> **Instructions to follow**:
Please retype, word for word, the line containing "廊下に飾られた手作りアート" and every line after it through the end of the records, leaving out all pictures.

> **Data**:
━━━━━━
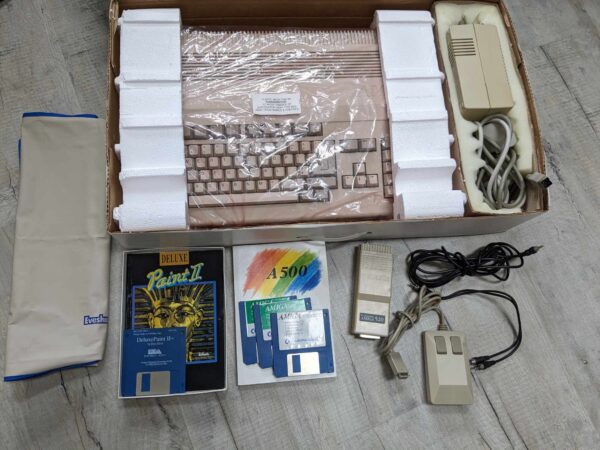 Commodore Amiga 500 boxed with accessories - Image 2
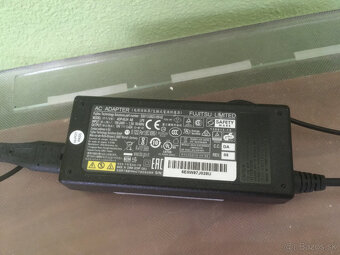 Predám Fujitsu Lifebook E 544 series - 7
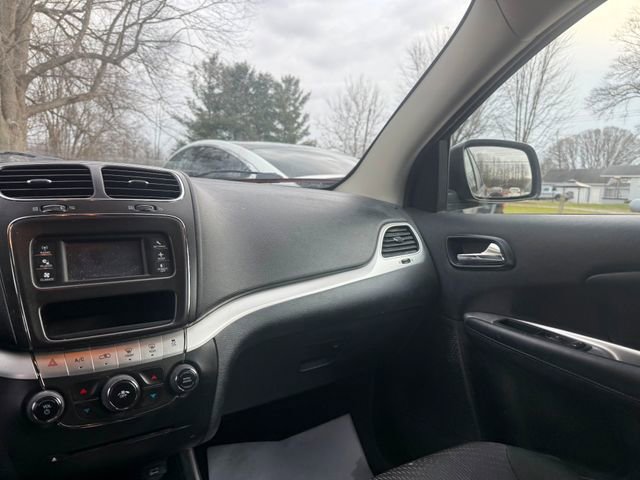 Used 2011 Dodge Journey Mainstreet image 10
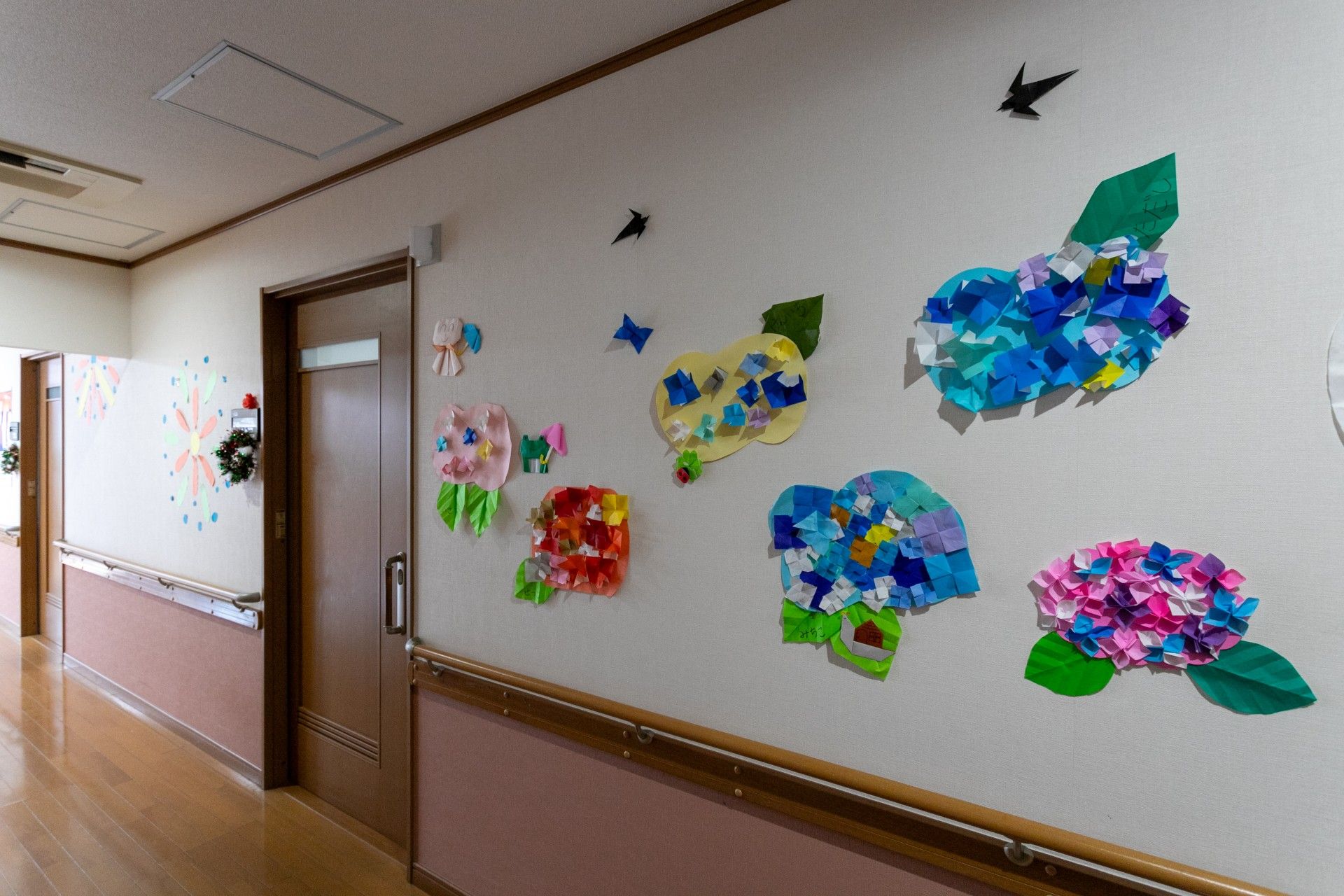 廊下に飾られた手作りアート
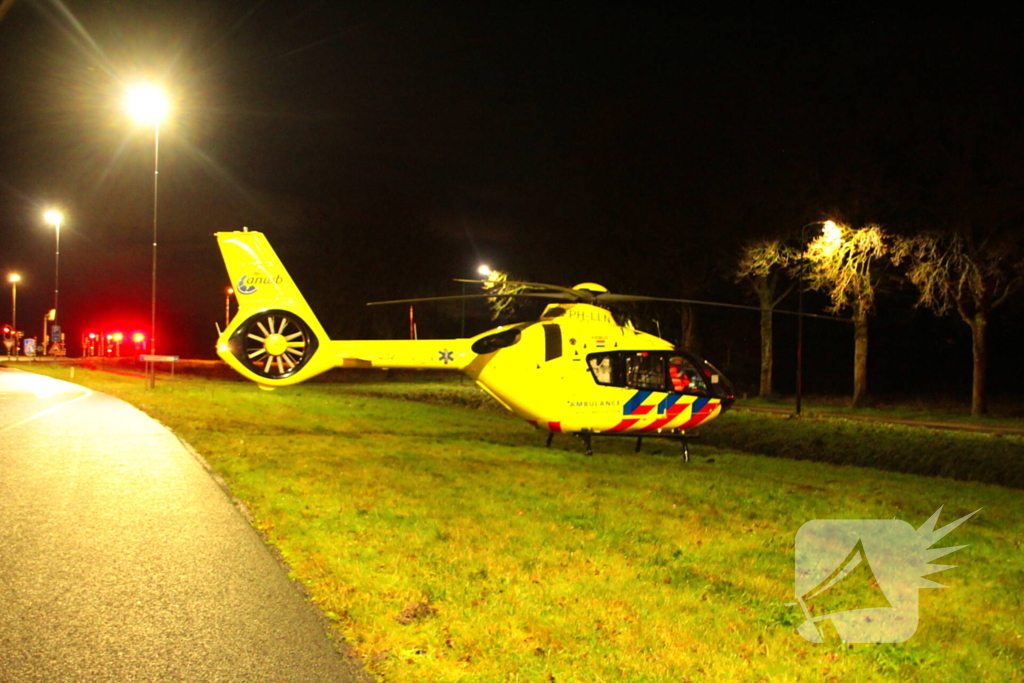 Auto vliegt uit de bocht en belandt op zijkant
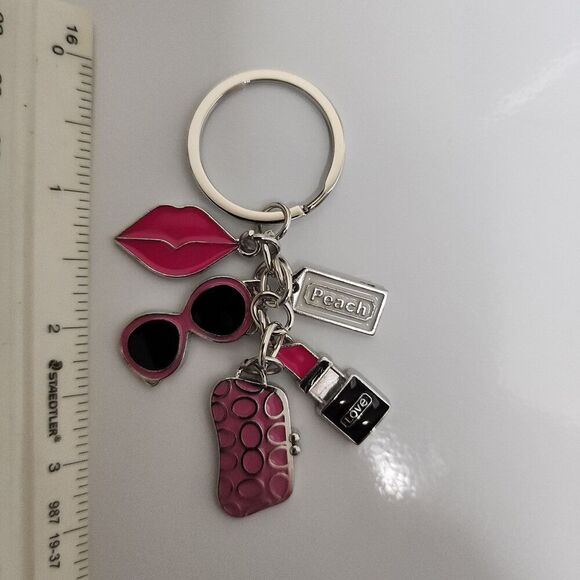 Keychain with Lipstick, Sunglasses and Bag Charms - Picture 4 of 4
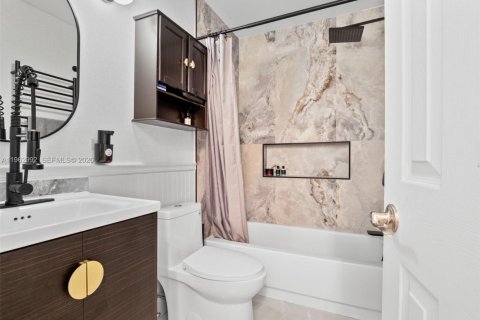 Touwnhouse à vendre à Coconut Creek, Floride: 2 chambres, 146.79 m2 № 2025354 - photo 25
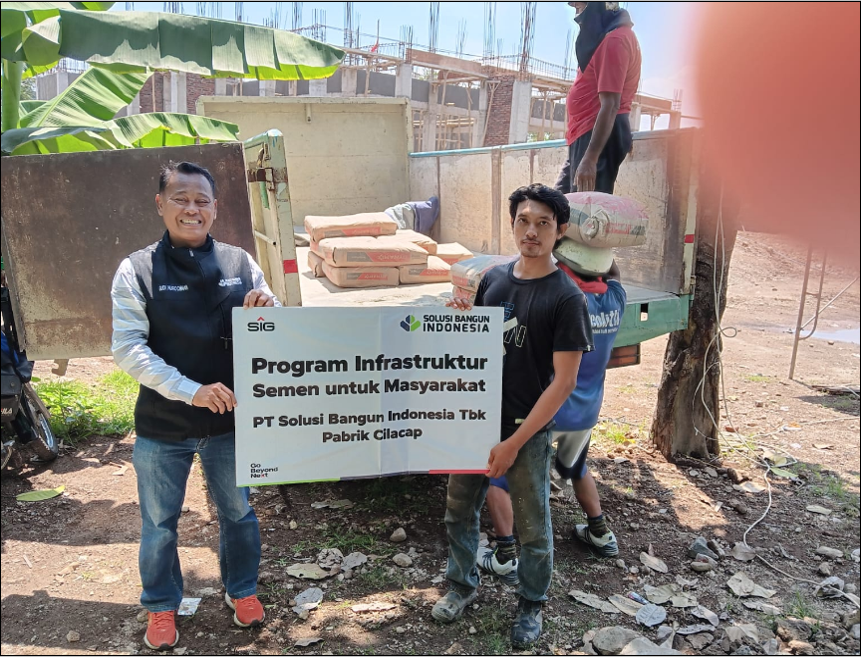 Masyarakat di Jalan Rama, Kelurahan Gumilir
━━━━━━
> **Output below**:
 廊下に飾られた手作りアート
 Auto vliegt uit de bocht en belandt op zijkant
 Keychain with Lipstick, Sunglasses and Bag Charms - Picture 4 of 4
 Touwnhouse à vendre à Coconut Creek, Floride: 2 chambres, 146.79 m2 № 2025354 - photo 25
 Masyarakat di Jalan Rama, Kelurahan Gumilir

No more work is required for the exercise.